吉倉健「怪奇魔性の剣」(190円)


「冒頭は、巌流島での決闘。
 宮本武蔵に頭を砕かれ、佐々木小次郎は息絶えた。
 が、とある嵐の夜、佐々木小次郎の墓に雷が落ちると、何故か、小次郎が生き返って、墓場から出てきたのだった。
 復讐の鬼と化して、宮本武蔵を探す小次郎。
 武蔵の居所を発見したものの、武蔵は五倫の書(ソノママ)の執筆の真っ最中で、その間は他流試合は一切せぬことを神仏に誓っているとのこと。
 小次郎は、武蔵が五倫の書を書き上げるのを待つ。
 が、小次郎には秘密があった。
 それは死んだ肉体を維持するために、他人の骨が必要なのだった。
 片端から墓場を荒らしては、骨をかじりまくる小次郎。
 武蔵が五倫の書を書き上げ、いざ小次郎と対決になる。
 そこへ、小次郎が墓で骨をかじるのを目撃していた坊主が駆けつけ、「喝」という声とともに数珠を投げつけると、小次郎は骨にかえってしまうのだった。」

 (理由はともかく)生き返って、武蔵と対決しようとする…というところまでは、まあ、良しとしましょう。

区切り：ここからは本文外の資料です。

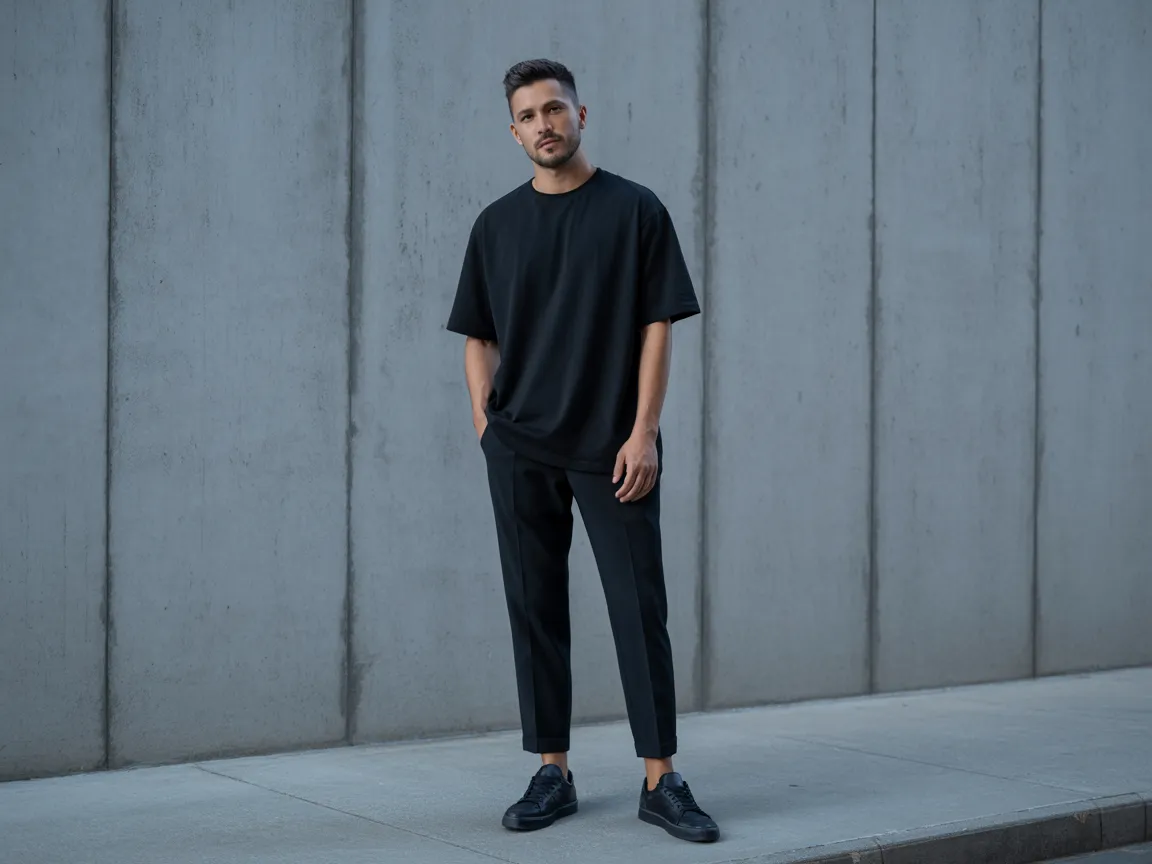 Minimal Black Fit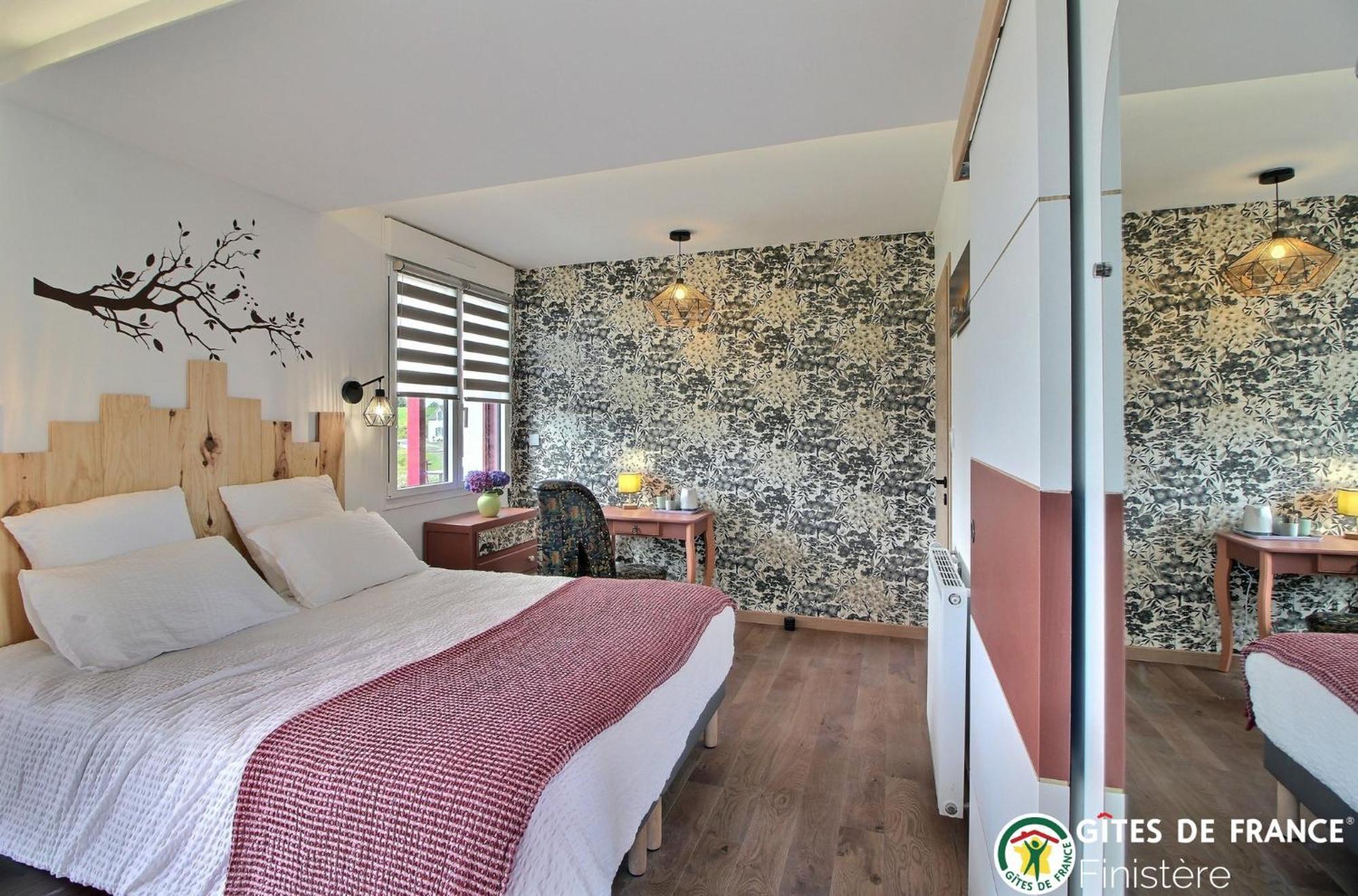 Chambre Et Table D'Hotes Manava Loretta Bannalec ภายนอก รูปภาพ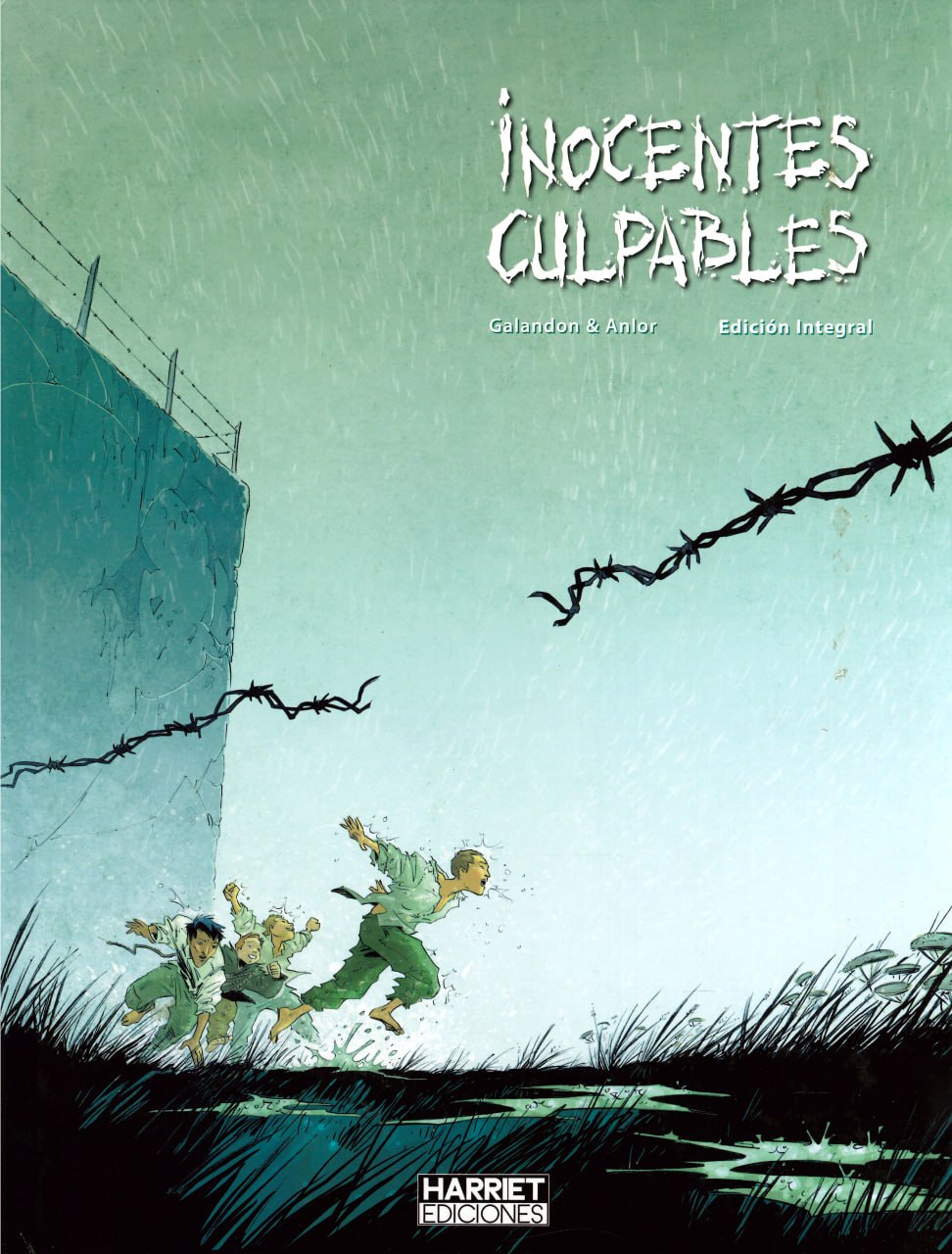 Portada ampliada de ÍNOCENTES CULPABLES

 でも、肉体を維持するために、「墓場で骨を貪り食う小次郎」ってのは、何なんだよ!!
 ここまで陳腐な怪談レベルに、佐々木小次郎を引きずり下ろしたマンガは空前絶後でありましょう。(いや、これだけで充分…)
 この内容で、小島剛夕先生といった凄腕の漫画家が絵を担当していれば、「稀代の怪作」が生まれたはずですが、吉倉健先生のスッカスカな絵柄のおかげで、誰の心にも引っかからなかったようです。
 このまま、埋もれるに任せるが吉でしょう。
 吉倉健先生が現在も存命かどうかはわかりませんが、もし亡くなられているなら、あの世で、小次郎に膾(なます)切りにされていないかどうか、非常に心配なところであります。
 最後に、○○カルシゥムが江戸時代にあれば、小次郎と武蔵の二度目の決闘が見れたのに、かえすがえすも残念…でもありませんね。